The evolution of problem and social competence behaviors during toddlerhood: A prospective population-based cohort survey.

Research in developmental psychopathology has long been preoccupied with rather broad categories of behavior, but we know little about the specific behaviors that comprise these categories. The objective of this study was to: (a) estimate the prevalence of problem and social competence behaviors in the general population of children at 17 months of age, and (b) describe the continuity and discontinuity in the degree to which children exhibit these behaviors between 17 and 29 months of age.

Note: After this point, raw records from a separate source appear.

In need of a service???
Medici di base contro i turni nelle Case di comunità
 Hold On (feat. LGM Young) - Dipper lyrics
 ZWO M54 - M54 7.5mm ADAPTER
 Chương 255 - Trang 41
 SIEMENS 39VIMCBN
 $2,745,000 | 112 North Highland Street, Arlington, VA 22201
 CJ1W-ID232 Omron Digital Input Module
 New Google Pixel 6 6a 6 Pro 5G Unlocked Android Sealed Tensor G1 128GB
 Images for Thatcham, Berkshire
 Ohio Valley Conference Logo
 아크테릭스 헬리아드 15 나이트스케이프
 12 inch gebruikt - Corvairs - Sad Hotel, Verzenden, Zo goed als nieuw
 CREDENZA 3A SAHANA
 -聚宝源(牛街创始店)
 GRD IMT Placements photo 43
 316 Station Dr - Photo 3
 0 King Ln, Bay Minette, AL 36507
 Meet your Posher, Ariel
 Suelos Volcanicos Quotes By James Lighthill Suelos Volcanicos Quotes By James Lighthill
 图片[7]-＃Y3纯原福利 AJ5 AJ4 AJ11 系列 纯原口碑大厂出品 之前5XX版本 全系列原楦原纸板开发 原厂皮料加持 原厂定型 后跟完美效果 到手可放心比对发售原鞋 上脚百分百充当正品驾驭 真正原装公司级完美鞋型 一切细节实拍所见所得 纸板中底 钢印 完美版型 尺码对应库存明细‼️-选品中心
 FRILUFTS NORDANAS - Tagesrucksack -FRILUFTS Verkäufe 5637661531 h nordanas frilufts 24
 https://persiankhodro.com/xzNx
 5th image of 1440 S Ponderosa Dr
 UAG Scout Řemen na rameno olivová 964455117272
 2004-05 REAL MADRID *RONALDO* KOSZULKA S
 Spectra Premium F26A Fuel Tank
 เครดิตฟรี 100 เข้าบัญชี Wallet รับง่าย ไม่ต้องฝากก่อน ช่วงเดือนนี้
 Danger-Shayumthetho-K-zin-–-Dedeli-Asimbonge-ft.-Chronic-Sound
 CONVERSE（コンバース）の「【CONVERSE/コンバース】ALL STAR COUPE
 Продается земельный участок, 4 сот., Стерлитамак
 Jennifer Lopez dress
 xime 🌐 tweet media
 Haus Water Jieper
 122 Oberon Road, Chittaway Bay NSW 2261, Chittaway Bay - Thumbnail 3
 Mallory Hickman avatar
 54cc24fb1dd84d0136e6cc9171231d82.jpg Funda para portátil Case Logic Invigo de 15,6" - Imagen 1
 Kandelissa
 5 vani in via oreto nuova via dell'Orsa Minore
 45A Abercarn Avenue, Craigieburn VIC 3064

The results show that frequent problem behaviors are not typical of children under two years of age. Further, the results suggest that it is possible to distinguish between different types of problem behaviors before two years of age. In addition, the results show that gender differences in some problem behaviors are already present before two years of age, and increase in magnitude during toddlerhood. Finally, the results show that interindividual differences in problem behaviors observed before two years of age are stable. The predictive accuracy of frequent problem behaviors in children at 17 months of age was limited, however, with often a majority of toddlers not behaving this way a year later. Overall, our results suggest that toddlerhood represents a critical period when behavioral and emotional problems of potentially clinical significance emerge. Pediatricians should routinely ask parents to report the frequency of their young children's problem behaviors during child health supervision visits so that children whose frequent problem behaviors persist over time can be identified and possibly referred for treatment.